* **Assignment**
Provide again, from the entries below, every line from the one containing "Abeille En Visite" through the one containing "Home wood sweep", exactly as written, and no other line.

* **Extracted data**
::::::::::

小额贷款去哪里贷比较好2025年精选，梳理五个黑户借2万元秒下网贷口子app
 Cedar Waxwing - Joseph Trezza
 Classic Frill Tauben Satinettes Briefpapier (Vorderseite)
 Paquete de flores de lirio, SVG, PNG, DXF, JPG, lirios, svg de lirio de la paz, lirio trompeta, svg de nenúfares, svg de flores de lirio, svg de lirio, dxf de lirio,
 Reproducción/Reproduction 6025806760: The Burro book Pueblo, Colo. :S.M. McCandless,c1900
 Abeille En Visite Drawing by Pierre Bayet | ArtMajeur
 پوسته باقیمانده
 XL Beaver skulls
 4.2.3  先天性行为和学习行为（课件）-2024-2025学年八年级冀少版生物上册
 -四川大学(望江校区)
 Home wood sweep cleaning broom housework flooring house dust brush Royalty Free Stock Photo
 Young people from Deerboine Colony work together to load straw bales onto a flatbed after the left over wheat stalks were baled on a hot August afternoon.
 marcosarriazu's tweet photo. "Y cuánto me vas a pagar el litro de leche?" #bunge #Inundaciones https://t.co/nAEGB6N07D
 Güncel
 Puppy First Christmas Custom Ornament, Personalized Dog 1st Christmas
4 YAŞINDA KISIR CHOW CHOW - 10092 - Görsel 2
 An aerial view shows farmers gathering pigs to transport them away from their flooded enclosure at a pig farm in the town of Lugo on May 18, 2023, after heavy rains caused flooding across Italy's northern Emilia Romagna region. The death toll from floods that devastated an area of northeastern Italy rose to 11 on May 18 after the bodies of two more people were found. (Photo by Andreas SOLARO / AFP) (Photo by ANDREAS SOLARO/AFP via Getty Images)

::::::::::

* **Answer area**
 Abeille En Visite Drawing by Pierre Bayet | ArtMajeur
 پوسته باقیمانده
 XL Beaver skulls
 4.2.3  先天性行为和学习行为（课件）-2024-2025学年八年级冀少版生物上册
 -四川大学(望江校区)
 Home wood sweep cleaning broom housework flooring house dust brush Royalty Free Stock Photo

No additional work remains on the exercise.